Steven Spielberg describió al desmedido cineasta como "un comandante en un campo de batalla". En efecto, DeMille era capaz de rodar peligrosas secuencias de acción a sabiendas de los riesgos que corrían los extras, sin avisarles para dotar de mayor realismo al filme. Por décadas, el rey de la taquilla fue el primer director que podía competir en salario con sus estrellas. Sin embargo, tras la Segunda Guerra Mundial, sus posiciones ultraderechistas y su entusiasta colaboración con el Consejo de Actividades Antiamericanas del senador McCarthy lo convirtieron en un apestado entre sus colegas.

Eso explica que, aunque haya sido el cineasta más comercial de todos los tiempos, su biografía permanezca hasta hoy en los márgenes de las páginas de la historia del cine.
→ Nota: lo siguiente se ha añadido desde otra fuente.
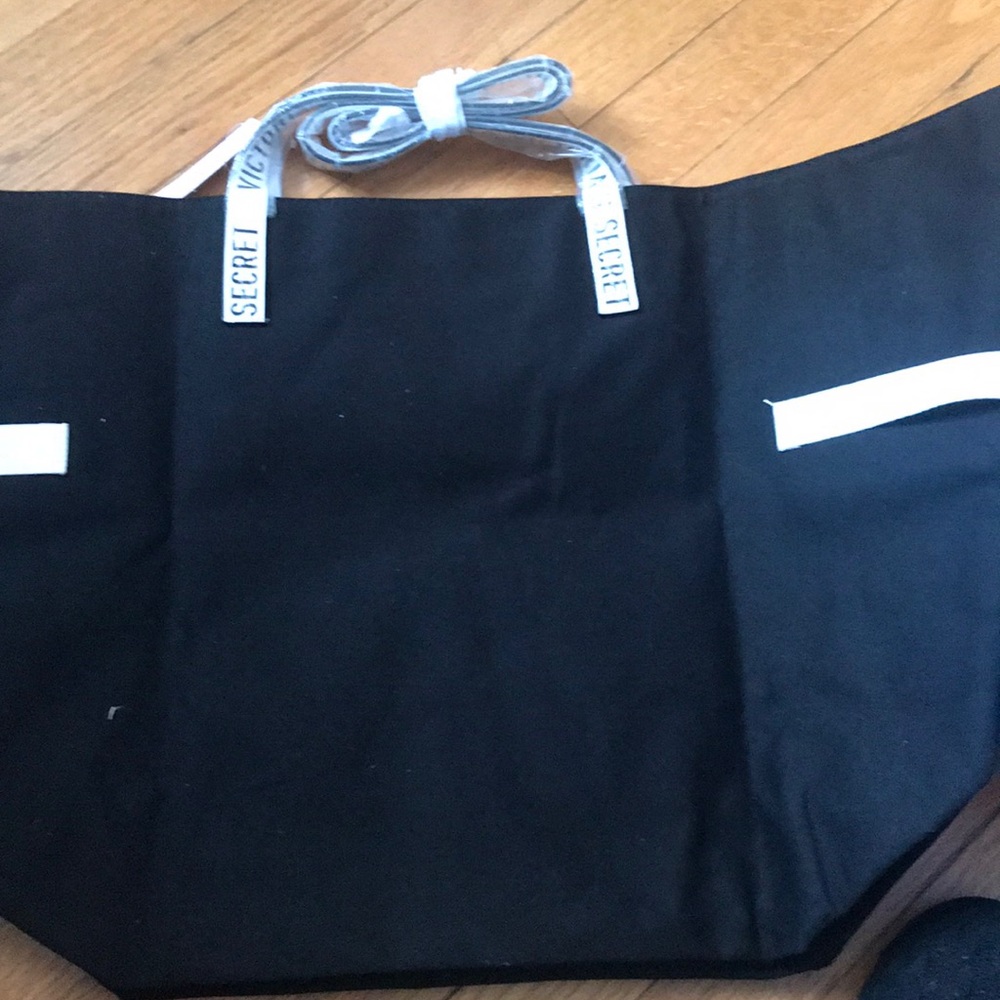 Victoria Secret Tote Bag - Picture 2 of 2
El hombre que filmó los mayores milagros cometió un pecado que, como al Moisés de sus filmes, le impidió entrar a la tierra prometida: dedicó más atención al espectáculo que a comprender el alma de sus personajes.

FILMOGRAFÍA ESENCIAL
"Sansón y Dalila" (1949)
Ejemplo de grandilocuencia visual y sobredosis de extras para un relato épico. Escenas de acción cuidadosamente coreografiadas, escenarios a gran escala y profusa utilización de efectos visuales.

"El mayor espectáculo del mundo" (1952)
Trapecistas, payasos, fieras exóticas. El circo le sirve al director para contar historias de amor, humor y amistad. El reparto incluye a Charlton Heston, Betty Hutton y James Stewart.

"Los diez mandamientos" (1956)
La escena se rodó hace más de 60 años, pero el momento en el que Moisés separa las aguas en tecnicolor del Mar Rojo sigue siendo uno de los más impactantes del cine.